§ **PROBLEM TO SOLVE**
Write exactly the lines running from the start of the material below to the line that includes "Premium Striped Duvet", and include no pictures.

§ **RECORDS SUPPLIED**
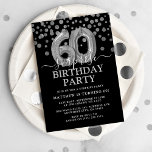 Convites Modern Black & Silver 60ª Festa de aniversário Sur<br><div class="desc">Preto moderno e surpresa prateada sessenta convites de aniversário! Apresentando um fundo preto,  script de caligrafia branca e fonte serif,  faux prata glitter confetti,  balões de hélio prateado moderno e um elegante modelo de aniversário que é fácil de personalizar.</div>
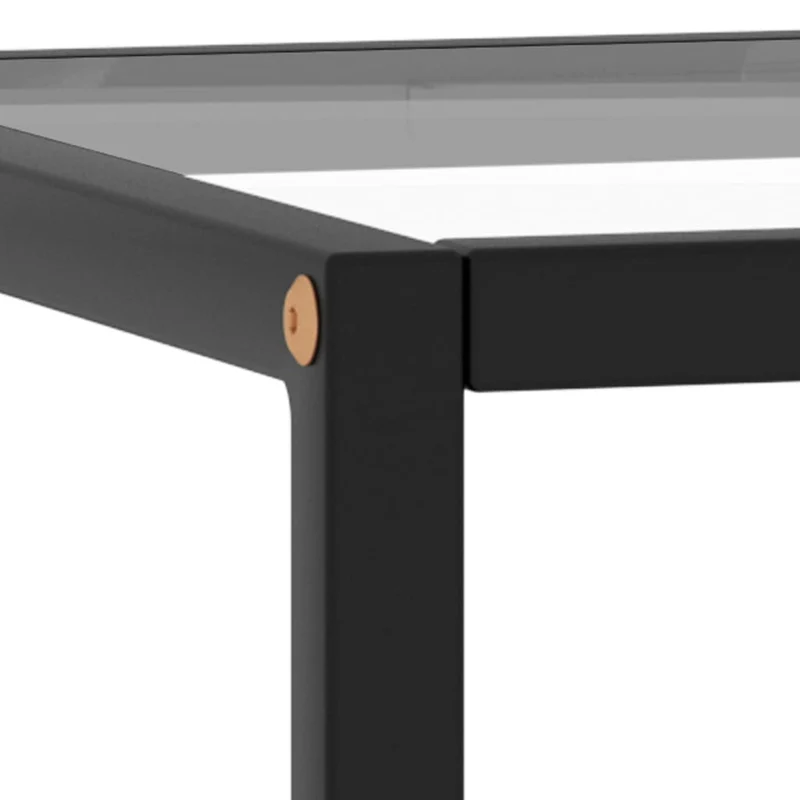 Table d'appoint bout de canapé design simple 40 x 40 x 50 cm verre trempé acier enduit de poudre DEC039885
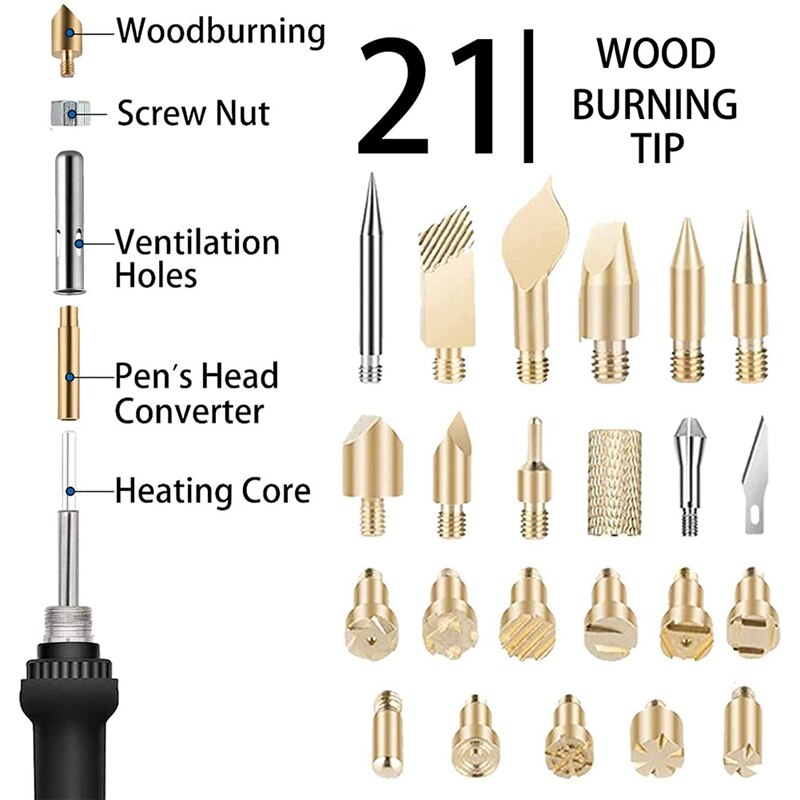 Holz Brennen Bausatz, Holz Brenner Stift Werkzeug, Kreative Werkzeug einstellen Einstellbare Temperatur Für Präge/Carving UNS Stecker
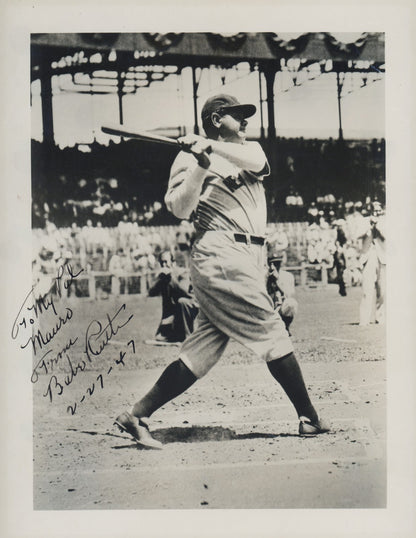 Babe Ruth Signed &amp; Inscribed 8x10 Photo, NY Yankees. Auto PSA1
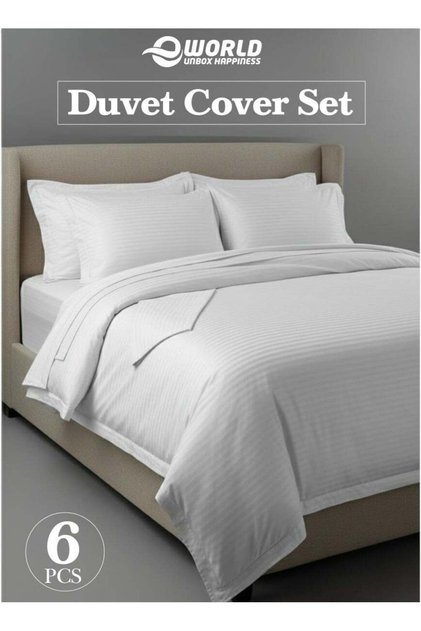 Premium Striped Duvet Set All Season – 6-Pieces set White | King Size 220x240 cm | Ultra-Soft, Wrinkle-Resistant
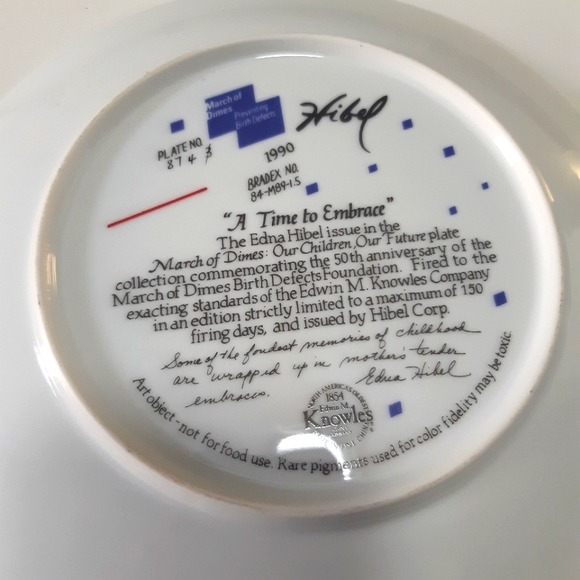Knowles 1990 A time to embrace Collectors plate March of Dimes 8.5" - Picture 3 of 5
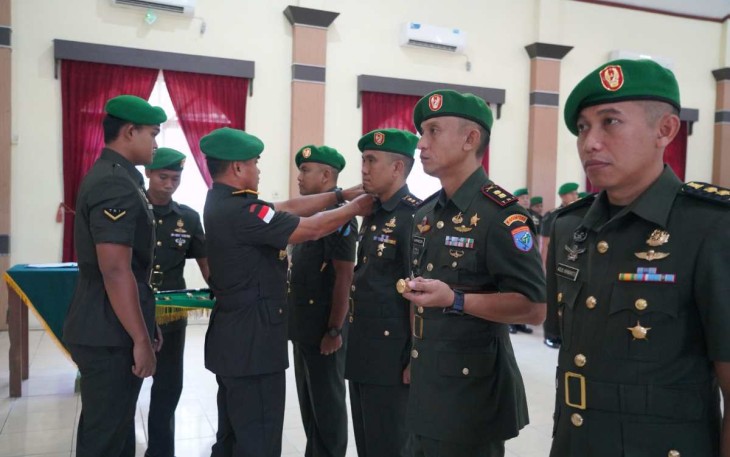 Danrem 121/Abw Brigjen TNI Pribadi Jatmiko saat sertijab perwira jajaran, Senin (31/7)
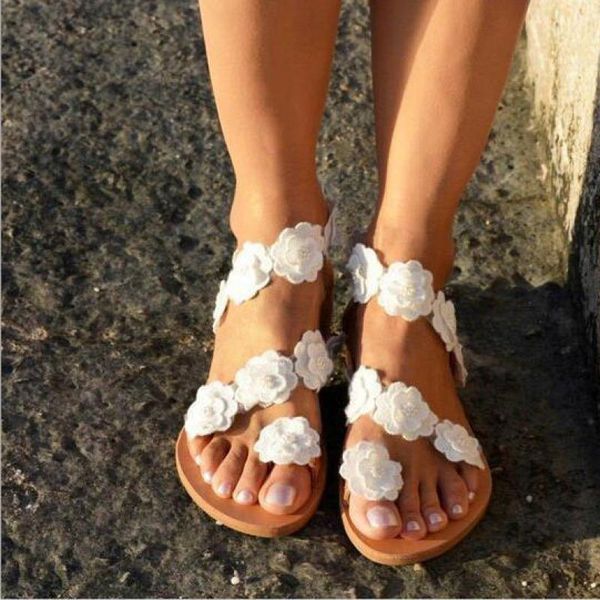 

sandals 2021 summer cool and comfortable leisure flower flat round toe women's, Black
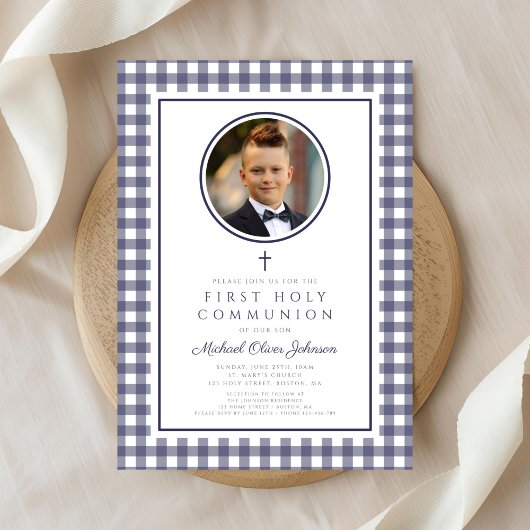 Elegant Navy Blue Photo Boy First Communion Kaart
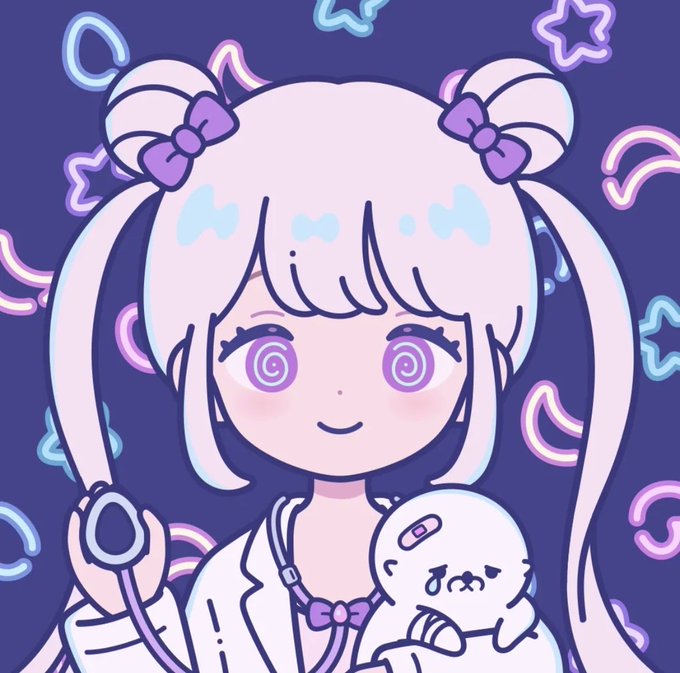 A cute chibi-style anime girl with twin buns, purple bows, and hypnotic spiral eyes holds a small white creature while surrounded by neon stars, moons, and rainbows. The image serves as the playful character mascot/logo for the #dropchan NFT project referenced in the sale alert.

§ **RESPONSE TO THIS TASK**
 Convites Modern Black & Silver 60ª Festa de aniversário Sur<br><div class="desc">Preto moderno e surpresa prateada sessenta convites de aniversário! Apresentando um fundo preto,  script de caligrafia branca e fonte serif,  faux prata glitter confetti,  balões de hélio prateado moderno e um elegante modelo de aniversário que é fácil de personalizar.</div>
 Table d'appoint bout de canapé design simple 40 x 40 x 50 cm verre trempé acier enduit de poudre DEC039885
 Holz Brennen Bausatz, Holz Brenner Stift Werkzeug, Kreative Werkzeug einstellen Einstellbare Temperatur Für Präge/Carving UNS Stecker
 Babe Ruth Signed &amp; Inscribed 8x10 Photo, NY Yankees. Auto PSA1
 Premium Striped Duvet Set All Season – 6-Pieces set White | King Size 220x240 cm | Ultra-Soft, Wrinkle-Resistant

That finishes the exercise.